__Exercise requirements__:
Give back exactly the lines of the material below that start at the one holding "中国天津站建筑外部夜景" and end at the last line, minus the pictures.

__Provided data__:
* * * * *
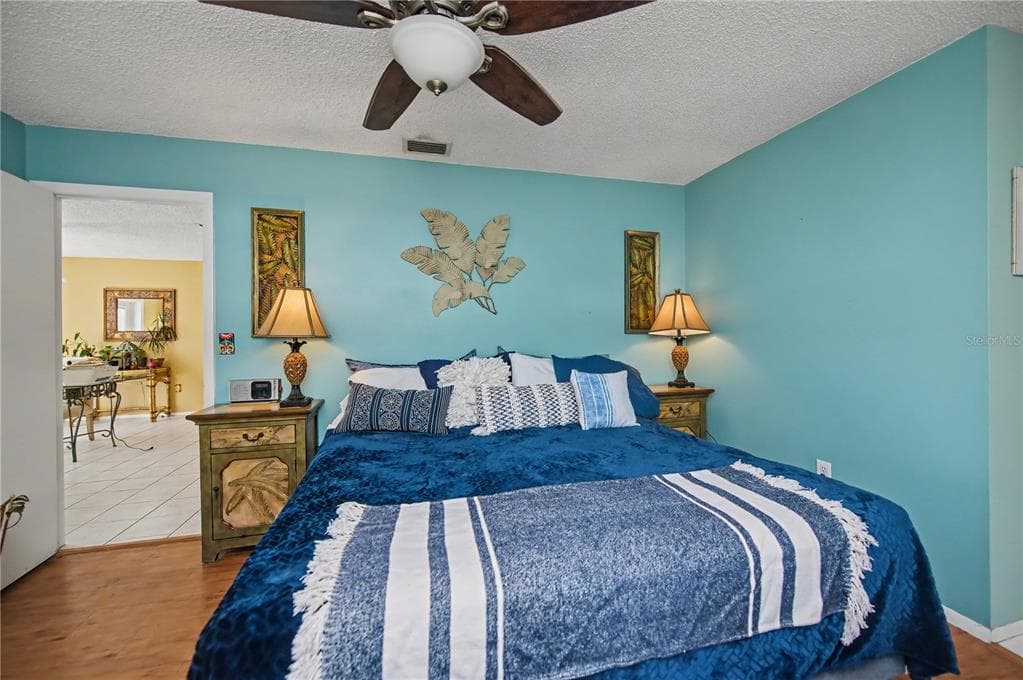 242 ANNAPOLIS LANE photo 25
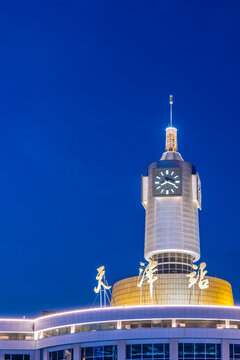 中国天津站建筑外部夜景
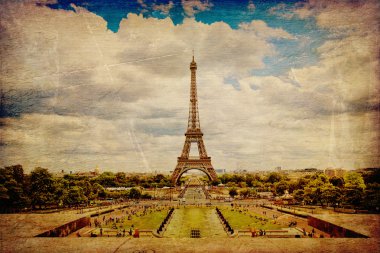 Paris 'teki Eyfel Kulesi Klasik Tarzı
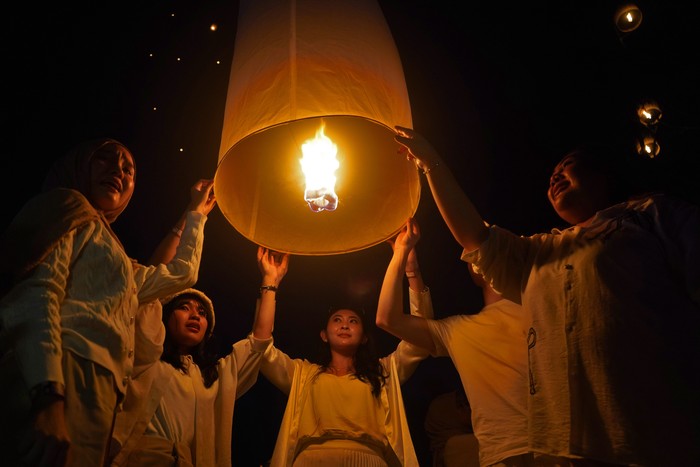 Tradisi Busana Putih di Festival Lampion Borobudur Punya Makna Mendalam, Bukan Sekadar Aturan Acara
* * * * *
__Problem solution__:
 中国天津站建筑外部夜景
 Paris 'teki Eyfel Kulesi Klasik Tarzı
 Tradisi Busana Putih di Festival Lampion Borobudur Punya Makna Mendalam, Bukan Sekadar Aturan Acara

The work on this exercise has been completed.